Je hais les goélands et tous leurs congénères d'oiseaux marins parce qu’ils sont comme moi : profondément asociaux, médisants et instables. Je les jalouse secrètement : ils font instantanément bondir dans mon imaginaire des images de voyage, d’aventures exaltantes. Ils règnent en maître dans la littérature de découverte : de Dumas à Stevenson, en passant bien entendu par Baudelaire dont l’Albatros reste le seul poème qu’adulte j’ai pris la peine d’apprendre et de réciter devant des gens qui me parlaient d’entreprise, de chantier nucléaire.
[...] Le Poète est semblable au prince des nuées
Qui brave la tempête et se rit de l’archet ;
Exilé sur le sol au milieu des huées
Ses ailes de Géant l’empêchent de marcher.

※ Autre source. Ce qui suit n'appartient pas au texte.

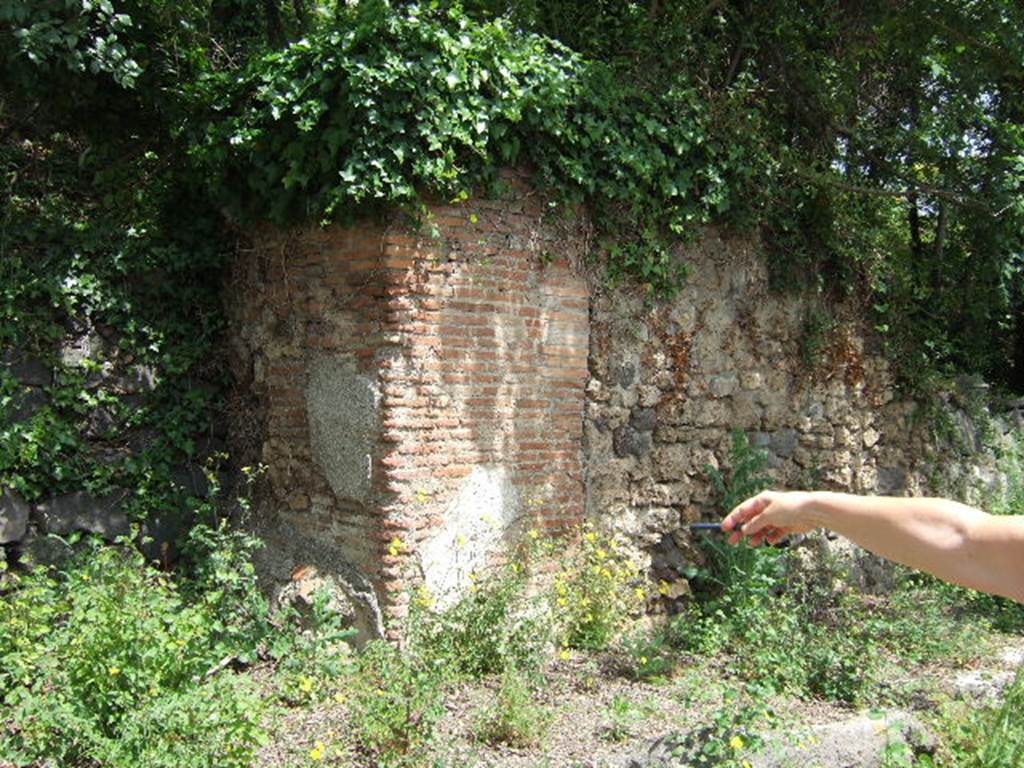 IV.5.a, Pompeii. May 2006. Corner of insula, with remains of painted plaster. According to Liselotte Eschebach, there was a masonry street shrine on the left of the entrance. See Eschebach, L., 1993. Gebäudeverzeichnis und Stadtplan der antiken Stadt Pompeji. Köln: Böhlau. (p. 120).
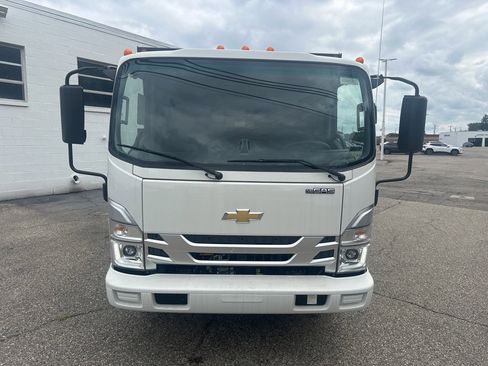 New 2024 Chevrolet Low Cab Forward image 8
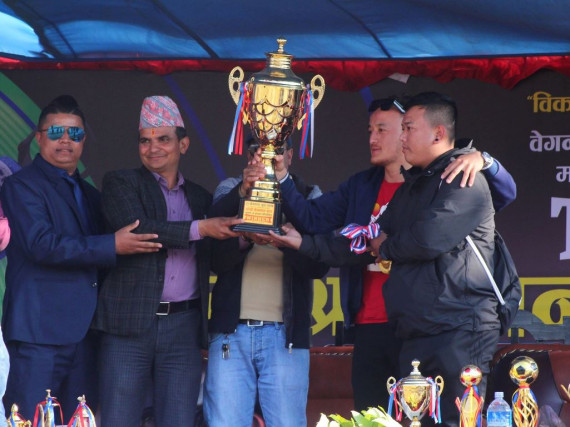 हिमाल एन्ड रक्षलाई वेगनास कपको उपाधि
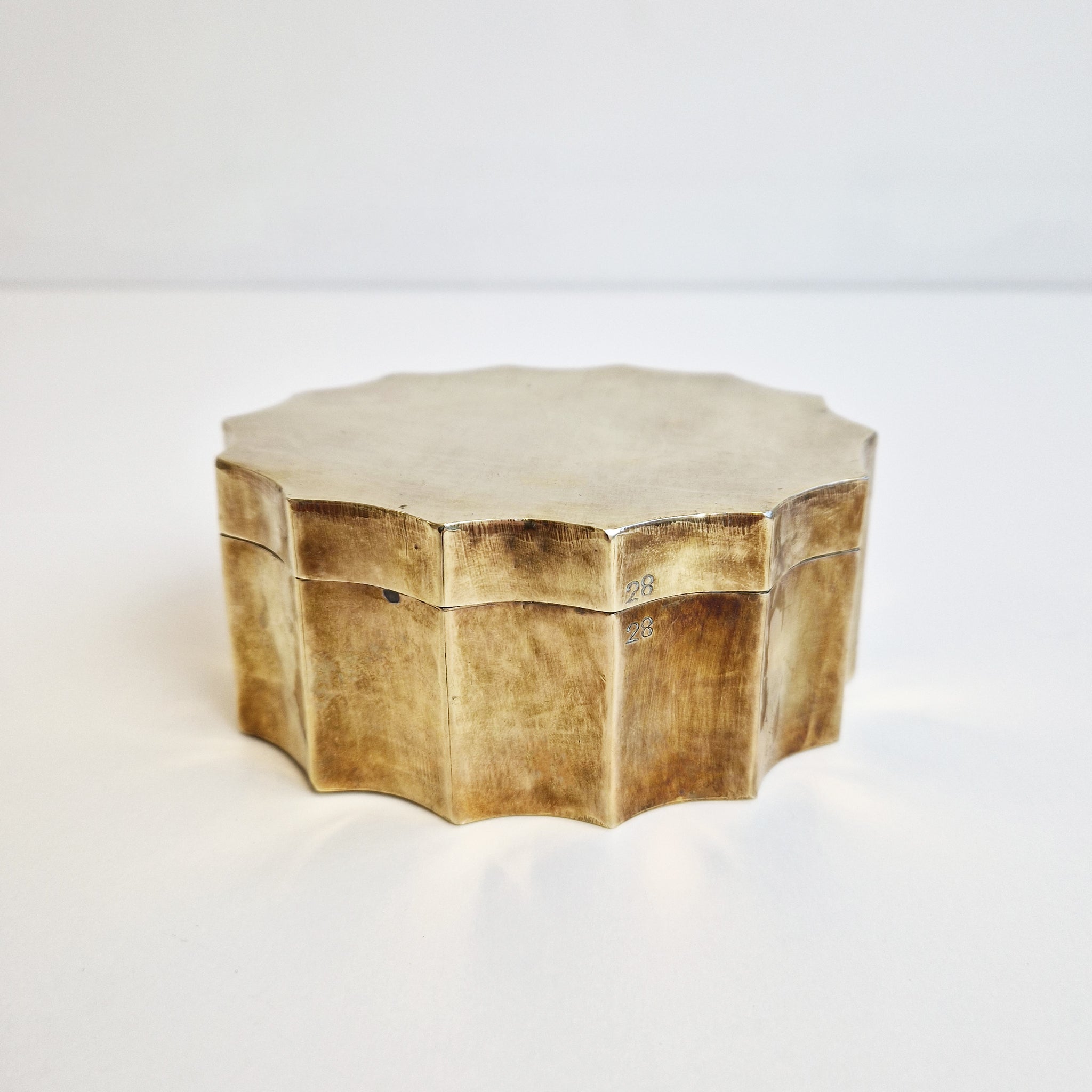 Mid-century Italian scalloped brass box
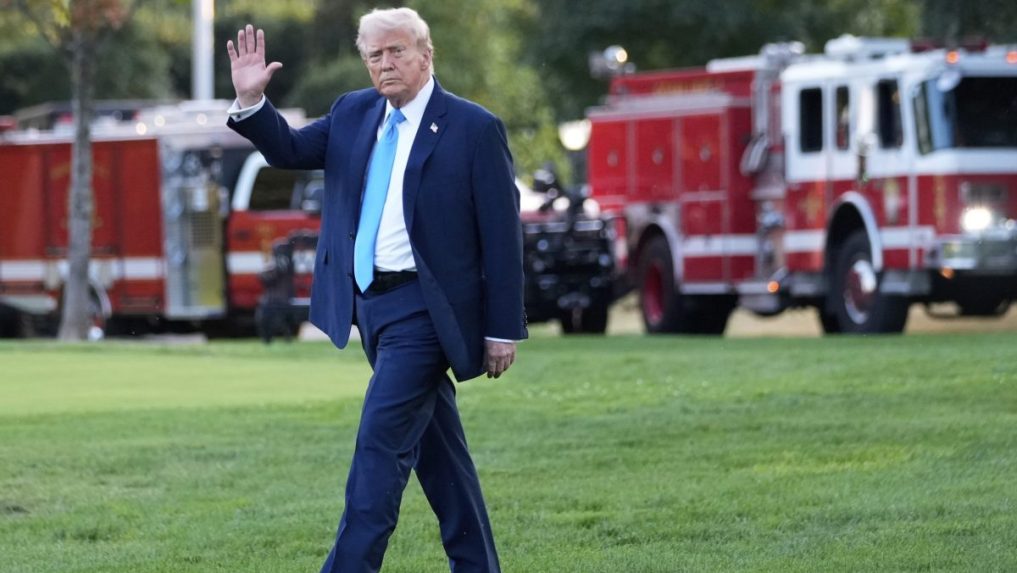 Donald Trump pred nástupom do vrtuľníka Marine One.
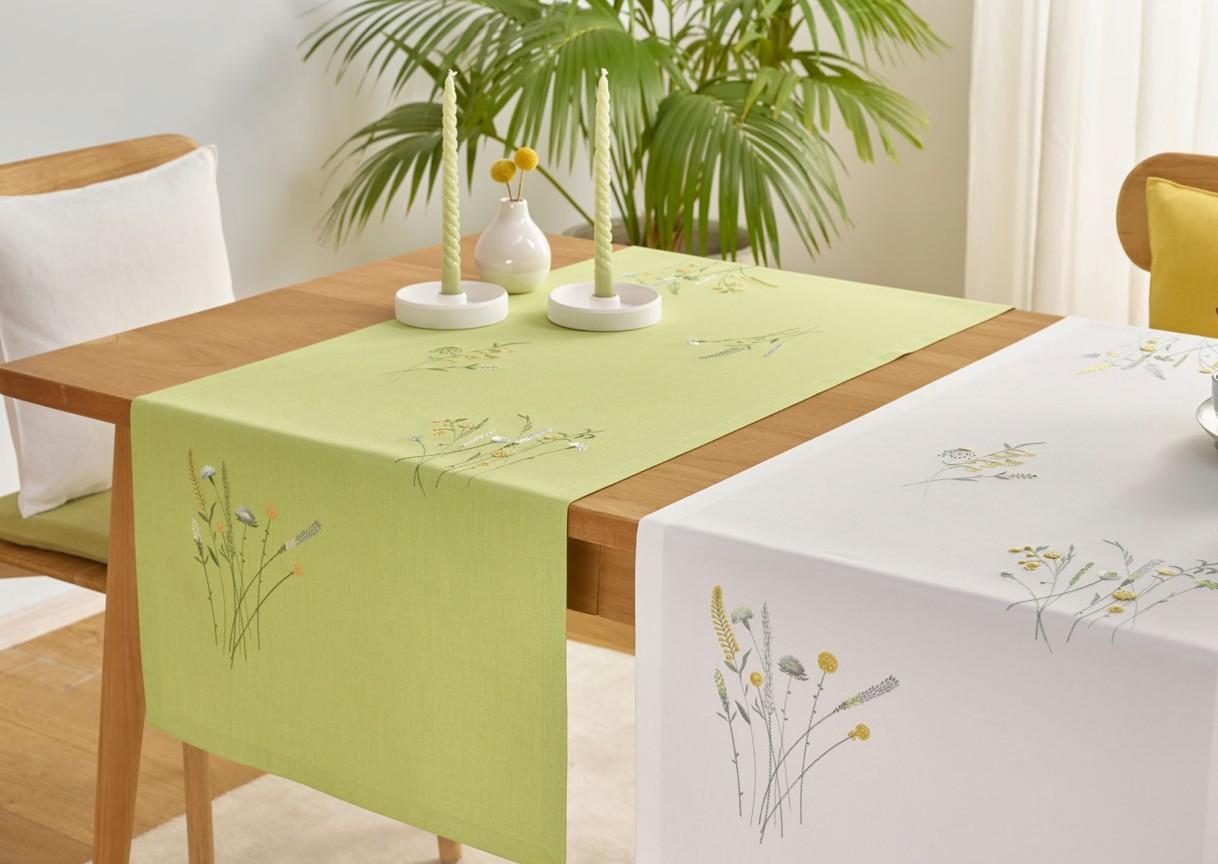 Běhoun na stůl Garnish, 50 x 150 cm, light green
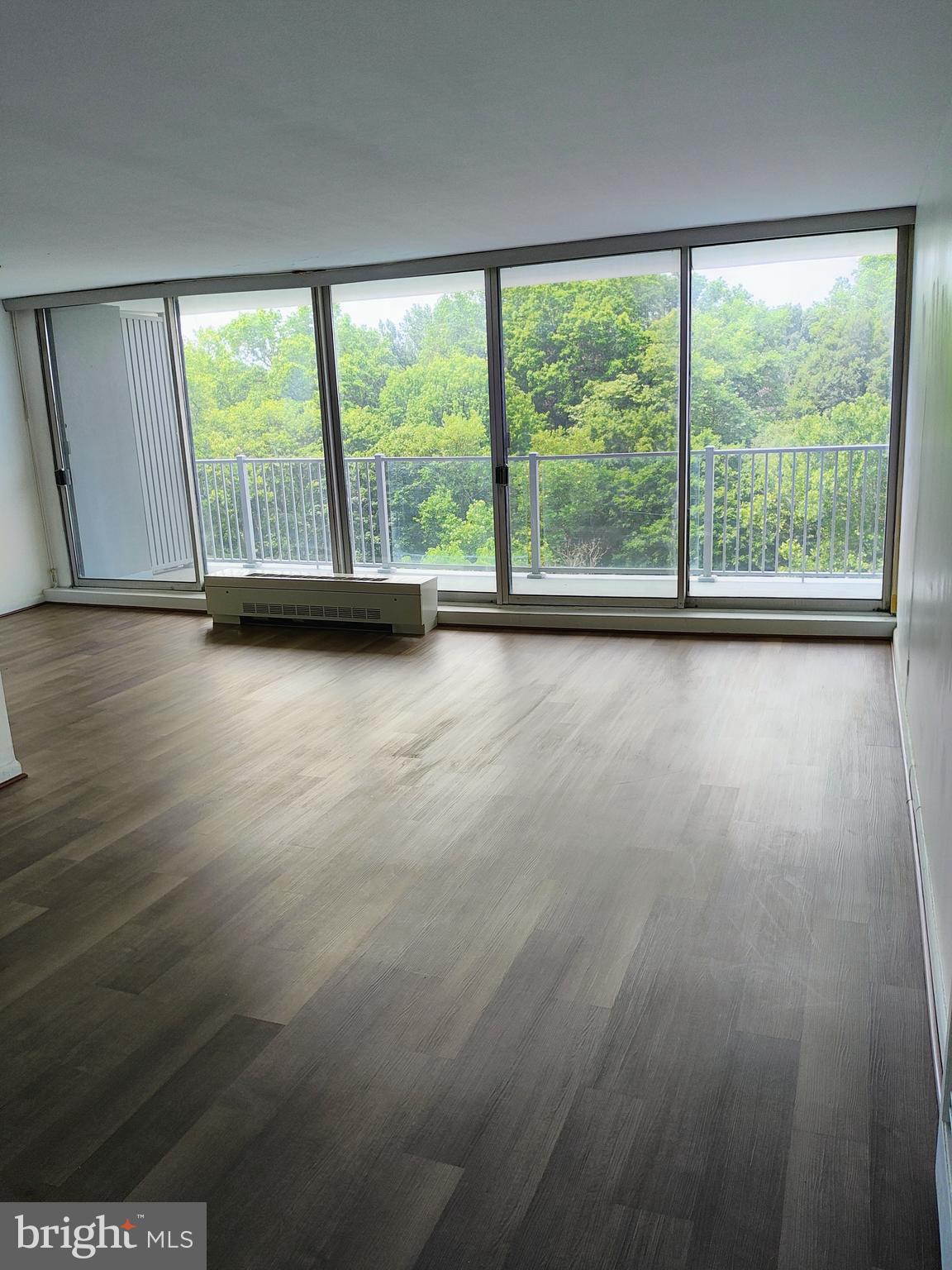 3900 West Ford Road, Unit 10H Philadelphia, PA 19131 - Photo 7 of 13 Gallery Image 7
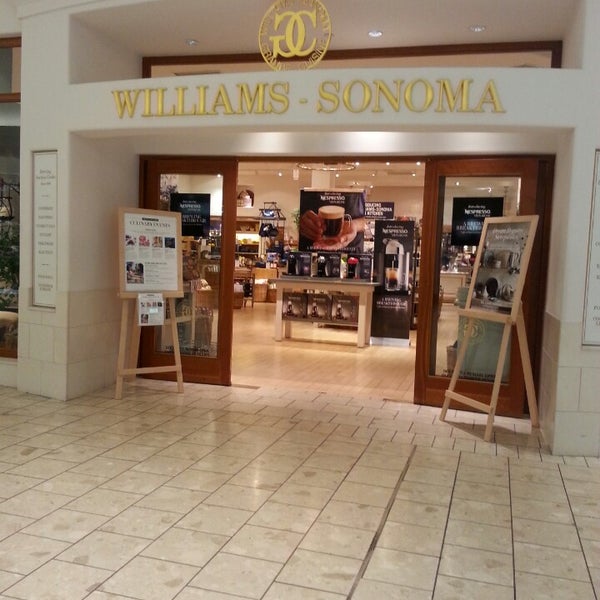Photos At Williams Sonoma Kitchen Supply Store In Short Hills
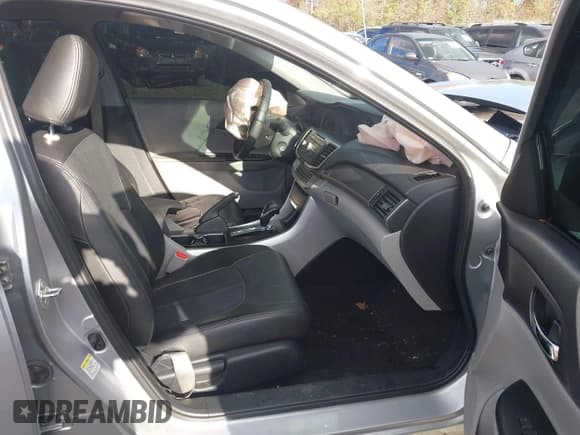 ✅ 2015 Honda Accord LX • VIN: 1HGCR2F31FA119535 • Лот: 43568152. Опубликован ранее на IAAI с пробегом 368 256 миль. Бесплатный доступ к архиву аукционных продаж из США и подробный отчёт об истории автомобиля на DreamBid. Изображение 5.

J’aime si fort les goélands qu’à l’été 2010 encore je décrétais ne vouloir résider pour le restant de ma vie que dans des ports, de vrais ports marins j’entends, des La Rochelle ou des Dunkerque, cités aux mille mats où résonne l’appel du grand large et le chant des marins ivres. C’est probablement grâce à leurs MOI stridents que j’ai aimé Montréal au départ ; c’est probablement en raison de leur absence que j’y ai étouffé dernièrement. Paradoxalement je rêve désormais, de nouveau, à Hongkong : le Port par excellence, perle dorée déposée sur deux mers – à la cime de ses gratte-ciels sans cime, on voit se refléter le vol majestueux des… aigles descendus des collines et qui chassent ailleurs, à Macao, à Foshan, les mouettes rieuses et pathétiques.